Teori migrasi yang ditawarkan oleh H. Otley Beyer untuk menjelaskan penyelesaian awal Filipina telah ditantang oleh para sarjana seperti Robert B. Fox dan F. Landa Jocano. Menurut para ahli, prasejarah Filipina terlalu kompleks untuk dijelaskan oleh “gelombang” migrasi. Teori gelombang migrasi diragukan bahwa imigran awal datang dalam periode waktu tertentu . Juga dari data arkeologi dan etnografi, menunjukkan bahwa setiap “gelombang” dari para imigran benar-benar memiliki ras dan budaya yang berbeda dengan sudut pandang lain.

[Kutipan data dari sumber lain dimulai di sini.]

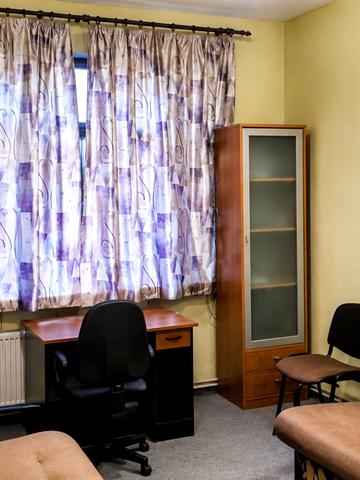 Соборності вул. (Жовтнева), 40-А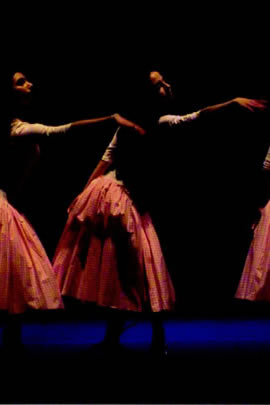Spectacle de la Compagnie du Jeune Ballet Corse Faite pour dormir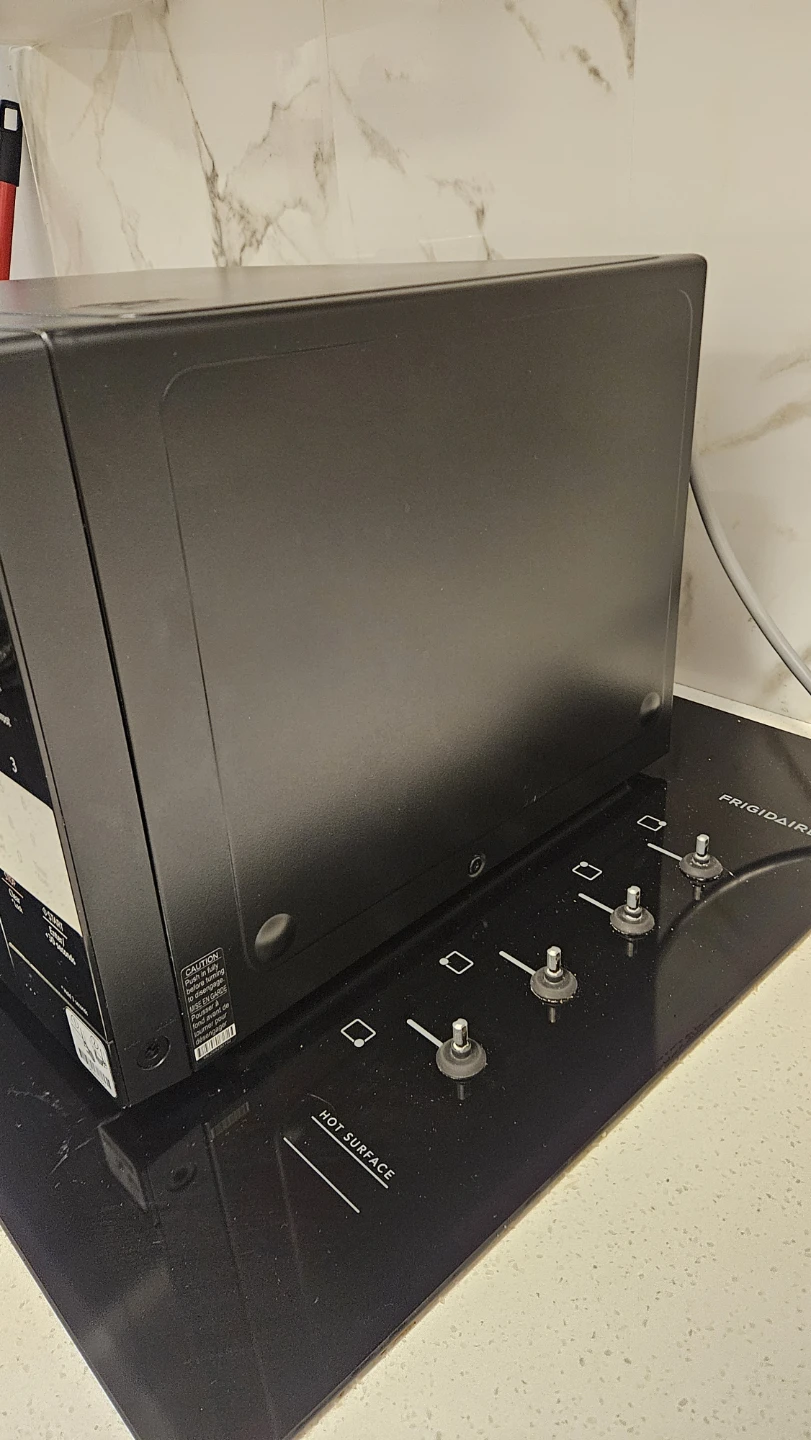 LG Microwave Oven Model 1590B 1.5 Cu. Ft. - photo 4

Misalnya, studi banding dari Pacific cultures menunjukkan bahwa beberapa penduduk Mikronesia, Polinesia dan Pasifik lainnya datang dari Filipina. Selain itu, pada saat orang-orang Spanyol datang ke Filipina, Filipina telah mengembangkan teori tentang Filipina, sebagai lawan Malayan civilization. Tentang orang menerima teori migrasi atau tidak, tampak bahwa dari campuran antar para pemukim awal – suku asli atau pendatang dari Asia. Sebelum kedatangan orang Eropa, orang-orang Filipina di mana sudah menikmati kemajuan pesat dalam pembangunan sosial-ekonomi yang termasuk kecenderungan untuk perkawinan dengan asimilasi multipleraces dan budaya.